Souvent citée, ici comme titre, la phrase de Kafka : « Briser en nous la mer gelée », qui parlait du travail de l’écrivain, est à prendre à la lettre. Il s’agit de refaire à deux le voyage au cours duquel, ayant perdu sa Suzanne, Gabriel était parti loin en lui-même, vers le détroit de Béring.
Qu’est-ce que le mariage ? Un meurtre réciproque ? Qu’est-ce que l’amour ? Un bras de mer entre l’ennui d’être soi et la souffrance de ne pouvoir être qu’à deux ? Un archipel de rencontres, de pertes et de retrouvailles entre des blocs éphémères flottant sur ce que Marx appelait « les eaux glacées du calcul égoïste » ? « Une maladie mortelle », conclut Orsenna. « Rien ne nous attire plus que la certitude que ça ne marchera pas. »
Quand on n’a qu’une vie, on ne vit pas. Craignant sans doute que sa riche et brillante biographie ne masque sa bibliographie, il nous rappelle qu’il est avant et après tout un écrivain, et des meilleurs.
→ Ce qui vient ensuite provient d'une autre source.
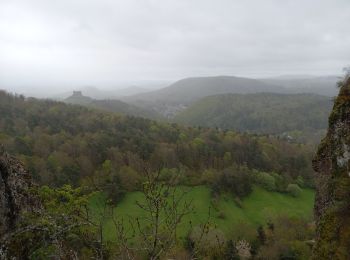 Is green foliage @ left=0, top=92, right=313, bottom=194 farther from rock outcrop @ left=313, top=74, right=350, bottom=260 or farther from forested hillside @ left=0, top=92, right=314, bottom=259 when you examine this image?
rock outcrop @ left=313, top=74, right=350, bottom=260

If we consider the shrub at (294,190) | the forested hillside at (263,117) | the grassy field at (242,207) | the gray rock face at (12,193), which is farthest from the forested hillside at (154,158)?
the forested hillside at (263,117)

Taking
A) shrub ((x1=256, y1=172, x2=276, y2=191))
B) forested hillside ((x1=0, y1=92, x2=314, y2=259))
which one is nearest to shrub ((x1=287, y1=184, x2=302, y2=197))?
forested hillside ((x1=0, y1=92, x2=314, y2=259))

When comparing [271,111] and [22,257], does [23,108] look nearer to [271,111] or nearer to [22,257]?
[22,257]

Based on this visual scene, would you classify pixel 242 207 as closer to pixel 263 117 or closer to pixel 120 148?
pixel 120 148

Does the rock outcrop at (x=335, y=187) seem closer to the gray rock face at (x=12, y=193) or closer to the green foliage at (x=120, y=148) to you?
the gray rock face at (x=12, y=193)

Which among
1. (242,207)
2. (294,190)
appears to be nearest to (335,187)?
(242,207) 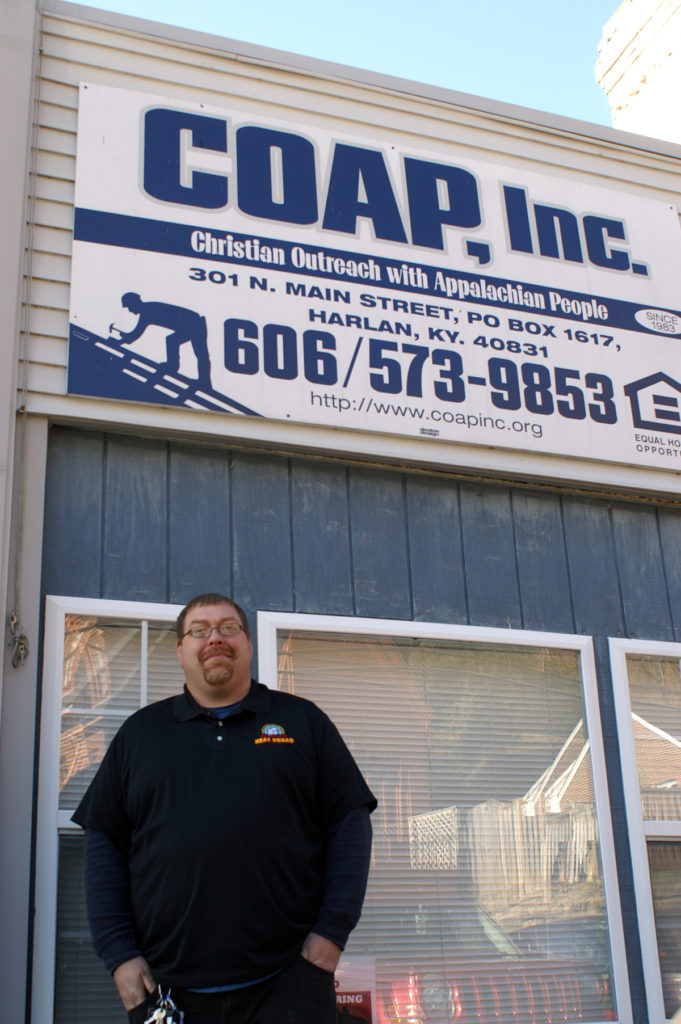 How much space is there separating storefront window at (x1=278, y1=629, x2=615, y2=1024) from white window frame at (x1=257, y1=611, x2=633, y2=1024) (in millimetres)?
39

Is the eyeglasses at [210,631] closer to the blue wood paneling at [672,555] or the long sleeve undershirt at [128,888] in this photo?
the long sleeve undershirt at [128,888]

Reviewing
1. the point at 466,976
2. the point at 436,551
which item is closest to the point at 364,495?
the point at 436,551

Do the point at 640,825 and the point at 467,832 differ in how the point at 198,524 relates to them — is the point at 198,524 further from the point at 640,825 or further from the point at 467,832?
the point at 640,825

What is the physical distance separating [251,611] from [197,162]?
200 centimetres

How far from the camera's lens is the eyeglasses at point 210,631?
133 inches

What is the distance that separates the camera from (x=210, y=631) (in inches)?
133

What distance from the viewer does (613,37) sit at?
9.95 m

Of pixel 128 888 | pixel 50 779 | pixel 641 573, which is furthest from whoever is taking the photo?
pixel 641 573

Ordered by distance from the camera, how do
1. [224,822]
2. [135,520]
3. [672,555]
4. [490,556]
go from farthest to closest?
[672,555] → [490,556] → [135,520] → [224,822]

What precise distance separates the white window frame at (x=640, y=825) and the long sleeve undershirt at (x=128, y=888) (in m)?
1.87

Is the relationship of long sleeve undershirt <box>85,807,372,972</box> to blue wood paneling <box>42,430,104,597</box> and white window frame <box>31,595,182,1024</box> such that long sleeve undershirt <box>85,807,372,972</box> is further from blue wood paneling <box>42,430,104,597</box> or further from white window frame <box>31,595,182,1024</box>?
blue wood paneling <box>42,430,104,597</box>

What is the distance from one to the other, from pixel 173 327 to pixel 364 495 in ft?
3.49

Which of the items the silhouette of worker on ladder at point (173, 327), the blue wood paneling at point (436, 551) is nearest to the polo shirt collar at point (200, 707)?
the blue wood paneling at point (436, 551)

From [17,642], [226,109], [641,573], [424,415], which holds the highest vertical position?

Salut à toi, voyageur des mots, dont la devise pourrait être celle que La Fontaine prête à Poliphile (le nom veut dire « celui qui aime tout ») :
UN ROMAN PICARESQUE EN PLEIN XXIe SIÈCLE, À LA FOIS SECRET ET IMPUDIQUE, CONCENTRÉ ET ENCYCLOPÉDIQUE.
« J’aime le jeu, l’amour, les livres, la musique, La ville et la campagne, enfin tout ; il n’est rien Qui ne me soit souverain bien, Jusqu’au sombre plaisir d’un coeur mélancolique. »
Briser en nous la mer gelée, d’Erik Orsenna (Gallimard, 452 p., 22 €).